Brown v. Leavitt Lane Farm

340 N.W.2d 4, 215 Neb. 522, 1983 Neb. LEXIS 1304
CourtNebraska Supreme Court
DecidedNovember 4, 1983
Docket82-854
StatusPublished
Cited by9 cases

This text of 340 N.W.2d 4 (Brown v. Leavitt Lane Farm) is published on Counsel Stack Legal Research, covering Nebraska Supreme Court primary law. Counsel Stack provides free access to over 12 million legal documents including statutes, case law, regulations, and constitutions.

Bluebook
Brown v. Leavitt Lane Farm, 340 N.W.2d 4, 215 Neb. 522, 1983 Neb. LEXIS 1304 (Neb. 1983).

Opinion

Grant, J.

This is an appeal by defendant employer from the decision of a three-judge panel of the Workmen’s Compensation Court, which had reversed the judgment of a single-judge court. The three-judge panel held that plaintiff was entitled to workmen’s compensation benefits as determined by the court.

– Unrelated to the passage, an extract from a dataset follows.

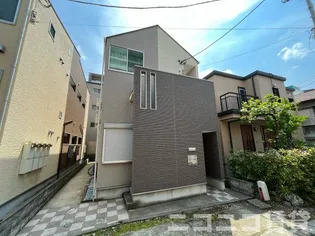 東京都新宿区山吹町【アパート】の外観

Defendant appeals, alleging that the three-judge Workmen’s Compensation Court erred in failing to hold that defendant was an employer of farm labor gnd plaintiff was a “farm laborer” within the exception of Neb. Rev. Stat. § 48-106(2) (Reissue 1978); in *523 holding that plaintiff’s injuries arose out of his employment, when plaintiff was waiting for his paycheck and engaged only in nonauthorized helping of other employees; in holding that defendant had elected to be bound by the workmen’s compensation law as to its entire farming operation by purchasing a policy of workmen’s compensation insurance before October of 1979 on a separate nonfarm partnership operation with one employee; and in holding that defendant had not made an effective election to return to the status of not being covered by the workmen’s compensation law by terminating the one employee in the nonfarm operation and terminating the compensation insurance, because defendant had failed to post a notice of its election as required by § 48-106(3).

For reasons hereinafter stated we reverse.

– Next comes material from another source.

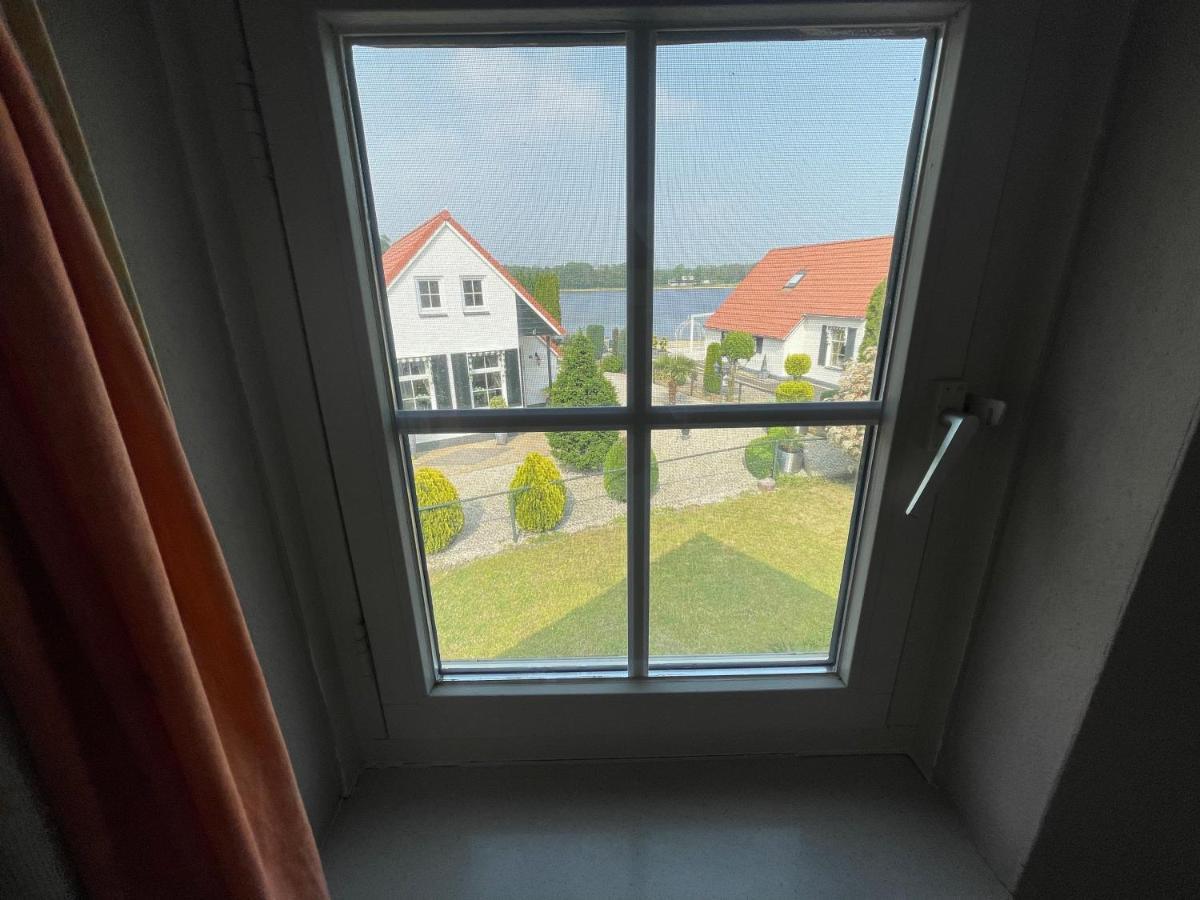 Freistehendes Ferienhaus Am See Naehe Roermond Heel Extérieur photo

The three-judge panel found it was not necessary to determine whether defendant was an exempt employer of farm laborers for the reason that defendant had elected to be covered by the Workmen’s Compensation Act. Appellee agrees with this approach, while appellant argues that it was an employer of farm laborers and that appellee was a farm laborer. We determine that the evidence is undisputed that appellant was primarily engaged in farming and was an employer of farm laborers.

As to appellee’s status, when asked by his attorney as to what he did on the farm, appellee stated that he “cut weeds, fixed fence, and odds and ends, chased cows, a little painting, a little scraping paint, loaded sod.’’ Appellee further testified that he ran a tractor in mowing sod and that the sod was cut and loaded as it was ordered by customers. At the time of the accident in question, appellee was helping other employees to build a corral to hold cattle. We determine that the evidence is undisputed that appellee was a farm laborer within the meaning of § 48-106(2).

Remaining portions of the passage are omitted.